Think tank blames poor resource management for Nigeria’s enduring poverty

The Independent Media and Policy Initiative (IMPI) has attributed Nigeria’s persistently high poverty rate to decades of poor management of the nation’s vast resources, particularly during periods of oil boom.

The group insisted that the current poverty alleviation drive embarked upon by President Tinubu’s government is formidable enough to reverse the bleak World Bank forecast.

In a policy statement signed by its Chairman, Dr Omoniyi Akinsiju, the Abuja-based think tank described Nigeria’s poverty situation as a “self-inflicted economic malady” driven by a mix of inappropriate policies and wasteful spending by successive administrations.

“Poverty did not just happen in Nigeria’s economic sphere; it was consequent upon a deliberately concocted mix of inappropriate policies deployed by a ruling elite that had no idea of how to manage the huge revenue earned from crude oil exports to impact growth and development,” IMPI stated.

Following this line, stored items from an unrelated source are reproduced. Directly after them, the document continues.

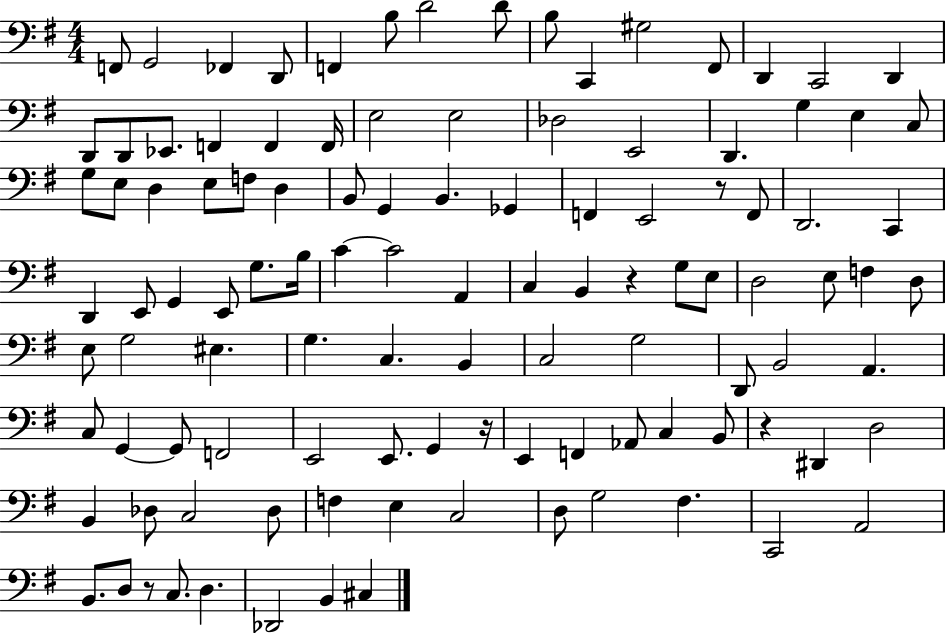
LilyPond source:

{
  \clef bass
  \numericTimeSignature
  \time 4/4
  \key g \major
  f,8 g,2 fes,4 d,8 | f,4 b8 d'2 d'8 | b8 c,4 gis2 fis,8 | d,4 c,2 d,4 | \break d,8 d,8 ees,8. f,4 f,4 f,16 | e2 e2 | des2 e,2 | d,4. g4 e4 c8 | \break g8 e8 d4 e8 f8 d4 | b,8 g,4 b,4. ges,4 | f,4 e,2 r8 f,8 | d,2. c,4 | \break d,4 e,8 g,4 e,8 g8. b16 | c'4~~ c'2 a,4 | c4 b,4 r4 g8 e8 | d2 e8 f4 d8 | \break e8 g2 eis4. | g4. c4. b,4 | c2 g2 | d,8 b,2 a,4. | \break c8 g,4~~ g,8 f,2 | e,2 e,8. g,4 r16 | e,4 f,4 aes,8 c4 b,8 | r4 dis,4 d2 | \break b,4 des8 c2 des8 | f4 e4 c2 | d8 g2 fis4. | c,2 a,2 | \break b,8. d8 r8 c8. d4. | des,2 b,4 cis4 | \bar "|."
}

While blaming mismanagement of the oil boom era, policy missteps, and the resource curse for the abject poverty afflicting the majority of the Nigerian population, the group explained that rather than translating oil wealth into broad-based prosperity, successive governments allowed the so-called ‘Dutch disease’ to take root, where rising oil revenues led to an overvalued exchange rate, making domestic production uncompetitive.

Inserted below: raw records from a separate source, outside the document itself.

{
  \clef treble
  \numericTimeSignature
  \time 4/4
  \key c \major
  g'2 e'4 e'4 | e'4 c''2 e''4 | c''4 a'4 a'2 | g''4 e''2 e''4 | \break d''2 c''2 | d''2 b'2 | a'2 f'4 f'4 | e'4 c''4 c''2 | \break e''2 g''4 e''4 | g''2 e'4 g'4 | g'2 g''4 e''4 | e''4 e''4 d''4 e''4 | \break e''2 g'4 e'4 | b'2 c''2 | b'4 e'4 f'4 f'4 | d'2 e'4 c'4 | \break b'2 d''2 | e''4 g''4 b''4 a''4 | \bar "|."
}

According to IMPI, between 1980 and 1986, the appreciation of the naira following the oil boom made imports cheaper, crippled local industries, and turned Nigeria from a net exporter of agricultural commodities into a net importer of food.

In its words: “For Nigeria, the exchange rate appreciated fivefold, and the relative profitability of domestically produced goods fell. The country became a net importer of agricultural commodities after having been a major exporter of cocoa, palm oil, kernels, and rubber.”

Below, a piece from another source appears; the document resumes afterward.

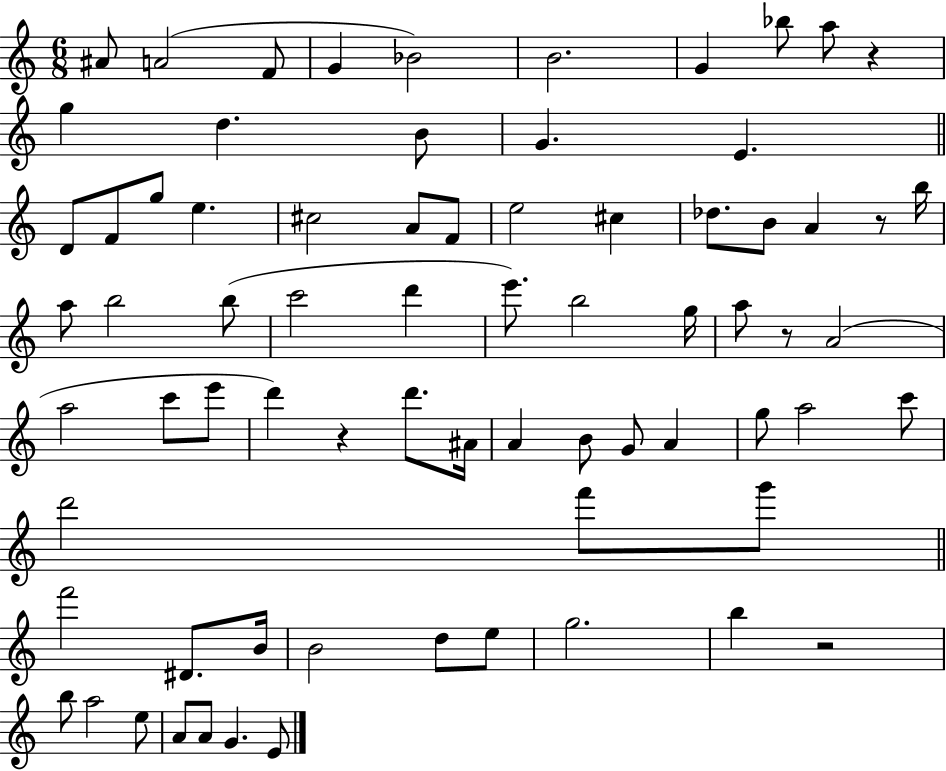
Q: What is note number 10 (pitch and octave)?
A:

The think tank further labelled a scenario in which rising urban wages and excessive mechanisation drew labour away from rural areas, worsening agricultural productivity, as ‘Nigerian disease’.
It cited misallocated investments such as uncompleted irrigation projects and misplaced subsidies that benefited large farmers over smallholders, leading to deeper inequality.

It lamented that despite periods of strong economic growth, Nigeria’s poverty rate continued to rise, reflecting a disconnect between GDP expansion and citizens’ welfare.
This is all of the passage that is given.